|Del Grosso, Stephen - Steve|
Submitted to: USDA Symposium on Greenhouse Gases & Carbon Sequestration in Agriculture and Forestry
Publication Type: Abstract Only
Publication Acceptance Date: 12/20/2006
Publication Date: 2/5/2007
Citation: Adler, P.R., Del Grosso, S.J., Parton, W.J. 2007. Cellulosic and Grain Bioenergy Crops Reduce Net Greenhouse Gas Emissions Associated with Transportation Fuels[abstract]. USDA Symposium on Greenhouse Gases & Carbon Sequestration in Agriculture and Forestry. p.32
Interpretive Summary: An interpretive summary is not required.
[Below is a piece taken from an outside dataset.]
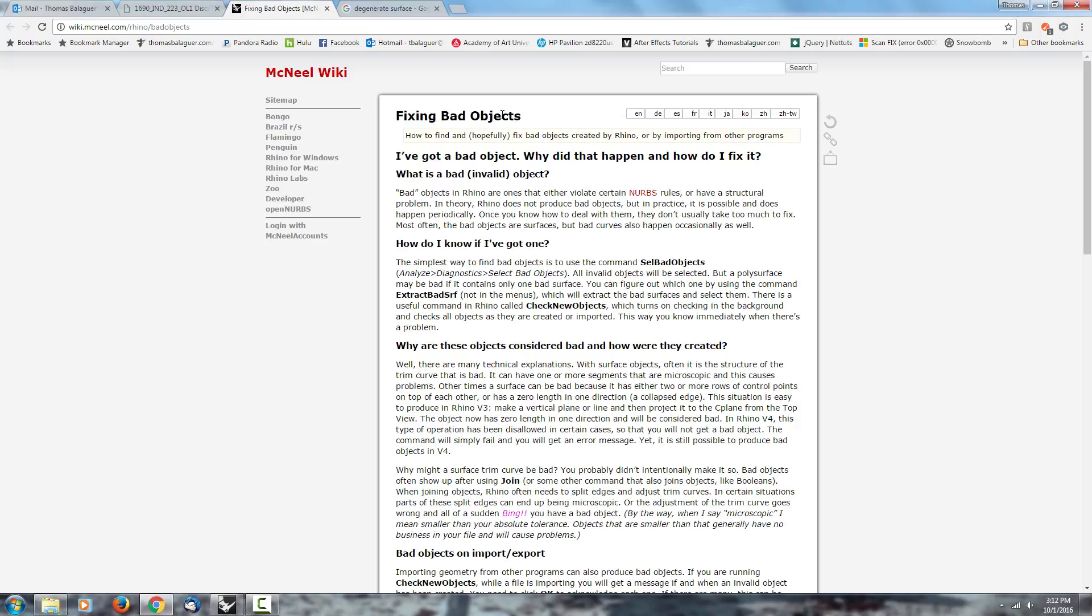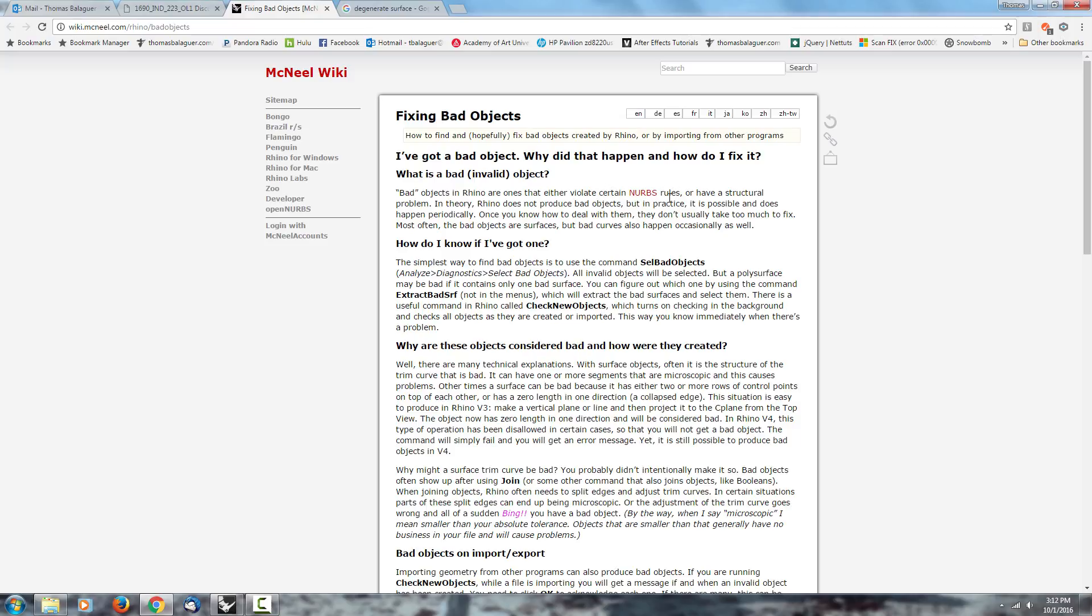So bad surfaces in Rhino are NURBS surfaces, and these NURBS have rules. If you violate one of the rules, then you end up with a bad surface. That's what defines a bad surface or degenerate surface or bad object. They're all NURBS surfaces which have one or two of the rules that is broken. Sometimes that's not a big issue, and sometimes it's really bad and you end up with renderings that just don't look the way you want them to look. I'm going to go over what they are, why they happen, and how you can fix them.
Technical Abstract: Bioenergy cropping systems could help offset GHG emissions, but quantifying that offset is complex. Bioenergy crops offset CO2 emissions by converting atmospheric CO2 to organic C in crop biomass and soil, but they also emit N2O and vary in their effects on soil oxidation of methane. Growing the crops requires energy, and so does converting the harvested product to usable fuels. The objective of this study was to quantify all these factors to determine the net effect of several bioenergy cropping systems on GHG emissions. We used the DAYCENT biogeochemistry model to assess soil GHG fluxes and biomass yields for switchgrass, reed canarygrass, corn, soybean, alfalfa, and hybrid poplar as bioenergy crops in Pennsylvania. DAYCENT results were combined with estimates of fossil fuels used to provide farm inputs and operate agricultural machinery and fossil fuel offsets from biomass yields to calculate net GHG fluxes for each cropping system considered. Displaced fossil fuel was the largest GHG sink followed by soil C sequestration. N2O emissions were the largest GHG source. All cropping systems considered provided net GHG sinks, even when soil C was assumed to reach a new steady state and C sequestration in soil was not counted. Hybrid poplar and switchgrass provided the largest net GHG sinks, greater than 200g CO2e-C x m-2 x yr-1 for biomass conversion to ethanol. Compared with the life cycle of gasoline and diesel, ethanol and biodiesel from corn rotations reduced GHG emissions in the near-term by 50-65%, reed canarygrass about 120%, and by about 145 and 165% for switchgrass and hybrid poplar, respectively. In the long-term, where soil C sequestration was assumed to no longer occur, a reduction of GHG emissions for corn rotations was about 40%, reed canarygrass about 85%, and about 115% for switchgrass and hybrid poplar compared with the life cycle of gasoline and diesel.